The growing role of natural resource conservation in U.S. farm policy is evident in the fivefold increase in funding for the Environmental Quality Incentives Program (EQIP) in the 2002 Farm Act. EQIP provides technical, financial, and educational assistance to farmers and ranchers implementing a wide range of agri-environmental practices on land used for farming. Recognizing the dearth of data concerning the installation of conservation practices on U.S. farms, ERS constructed a database using EQIP conservation practice data. The database offers a unique opportunity to better understand the demand for conservation practices across regions, the conservation practices being funded and implemented, and the unit costs (dollars per acre, dollars per foot, etc.) of implementing these practices.

The types of conservation practices that farmers use fall into two broad categories, each of which covers a wide range of practices. Structural practices, as their name suggests, are conservation activities that involve the installation of some sort of equipment or structure, such as a pond to provide water for livestock. Management practices are conservation methods or techniques that help farmers with the operational aspects of their work. Some examples are tillage techniques, integrated pest management, and conservation crop rotation.

The data reveal the range of costs farmers incur in implementing conservation practices. On average, structural practices tend to have higher fixed costs than management practices because they typically require the use of heavy machinery. For many practices, producers realize economies of scale (lower unit costs) on larger conservation projects or installations. Not surprisingly, structural practices, because they have higher fixed costs, tend to show greater economies of scale. A comparison of small- and large-size installations shows that the average unit cost reduction for structural practices (from small to large installations) ranged from 14 percent to 70 percent, while for management practices, the range was 19 percent to 35 percent.

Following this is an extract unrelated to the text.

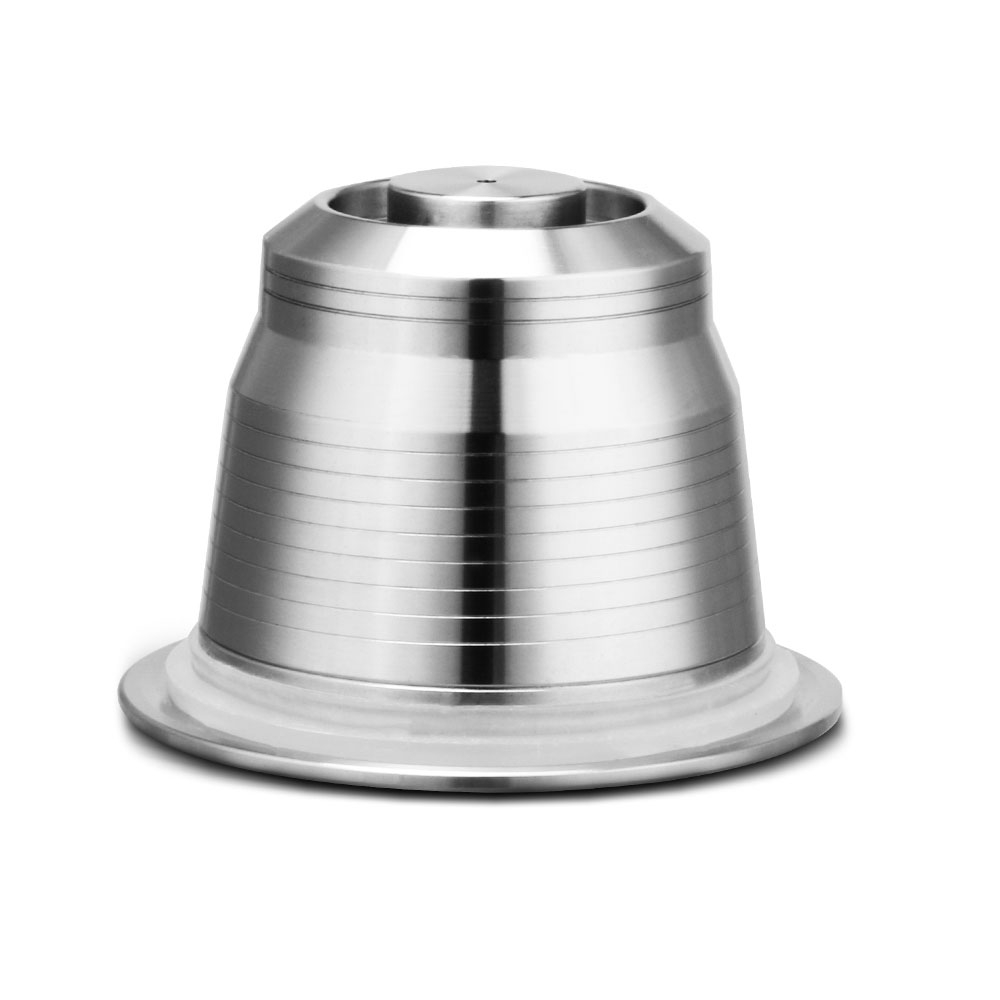 (3-tlg. Set) Wiederverwendbare Edelstahl Kaffeekapsel Umweltfreundliche Nespresso Kapsel inkl. Pulver Presser / Messlöffel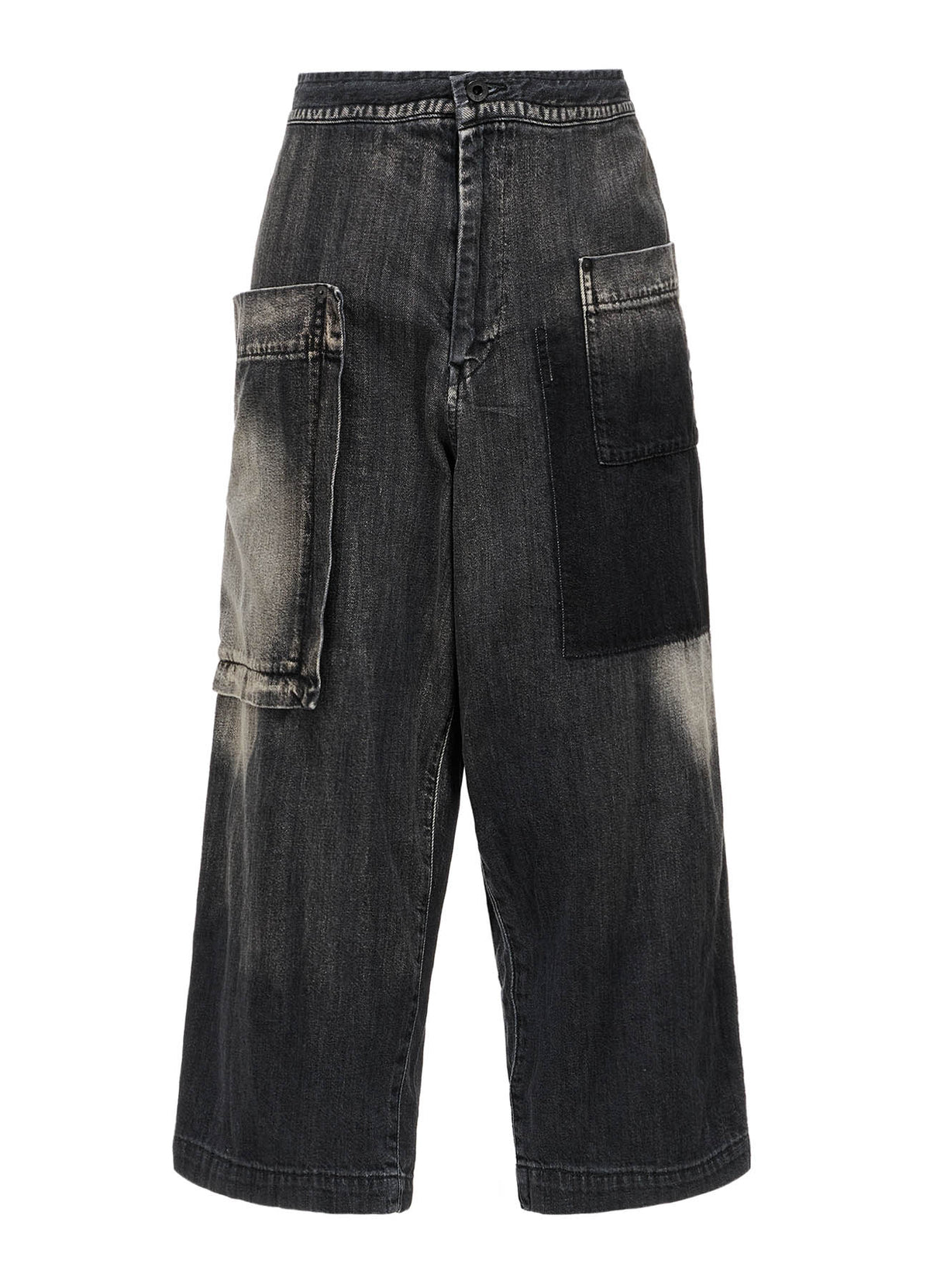 SPOTTED DENIM OUT-POCKET PANTS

Now, with the creation of this database, researchers and policy analysts can examine the costs of conservation programs and policies in a comprehensive manner and identify opportunities to reduce costs. Policymakers can use such analyses to evaluate program performance. Combined with information on the farm structure of the rural economy, these data could also be used to target conservation programs more effectively. Given the growing but still limited budget for conservation, the database can help conservation program managers attain environmental goals while attending to farmers’ specific conservation needs and minimizing costs.